The opening date for a huge new waterfront motel has finally been revealed, years after it was granted planning permission.
The eye-catching 90-bed hotel is planned for Dover seafront and is part of the ongoing £250 million Dover Western Docks Revival.

The ambitious project has also included improvements to Clock Tower Square and the creation of the new Marina Curve.
Plans for the new motel, which were submitted alongside a proposal for a restaurant, bar and swimming pool, were first approved in 2021.
The original scheme was for a hotel made from five blocks of shipping containers.
Civic group the Dover Society described the look as more suited to a fully commercial port like Rotterdam, rather than the heritage site and tourist magnet that Dover is.

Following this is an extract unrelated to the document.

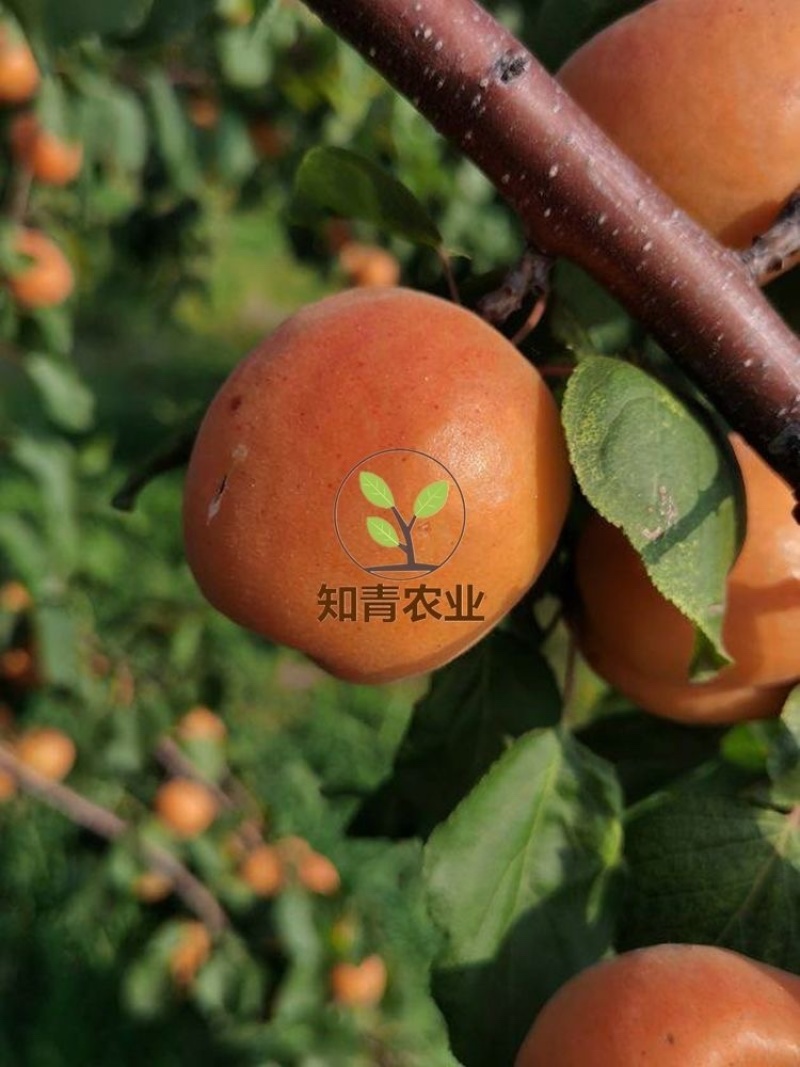 金太阳杏树苗嫁接苗包成活包结果支持技术指导可签合同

It also said the planned rooms were too cramped.
Councillors at Dover District Council initially said they too were disappointed with the design and voted to defer a decision on the scheme for the look to be amended.
A revised application came back to the committee in December 2021, when it was finally voted though and the blocks were reduced to three.
The amended plans revealed no shipping containers would be used and the rooms would be bigger.

However, in 2023, the plans were once again revised and this time given a major overhaul following concerns about its appearance.
The colours for the third set of designs were toned down, and the bright colours removed for a more muted palette.
The application was approved in April of that year, but work has yet to start.
Now, Doug Bannister, boss of the Port of Dover, has revealed customers could be sleeping in the new accommodation from next year.

He told KentOnline: “Our aim would be that we can start work on the hotel in early 2026.
“It would take about a year, so hopefully by the end of 2026 or into early 2027, we’d be able to start seeing it operational.
“The principal aim is to construct a hotel that creates a bit more vibrancy out on the Marina Curve. But it is also to provides accommodation for people who may be traveling down for the ferries or embarking on cruises.”
Increased costs are to blame for delays in construction.

Mr Bannister explained: “Since that planning permission was granted, the market for investing into hotels became a lot tighter.
“And in particular, we went through a period of very high inflation for construction activities, both for the labour and the materials for it.
“So we’ve had to rethink how we’re going to deliver the project and come up with different models of funding that might be able to create an investable hotel.
“We think we’re getting pretty close now, but we still haven’t finished signing off on all the paperwork.”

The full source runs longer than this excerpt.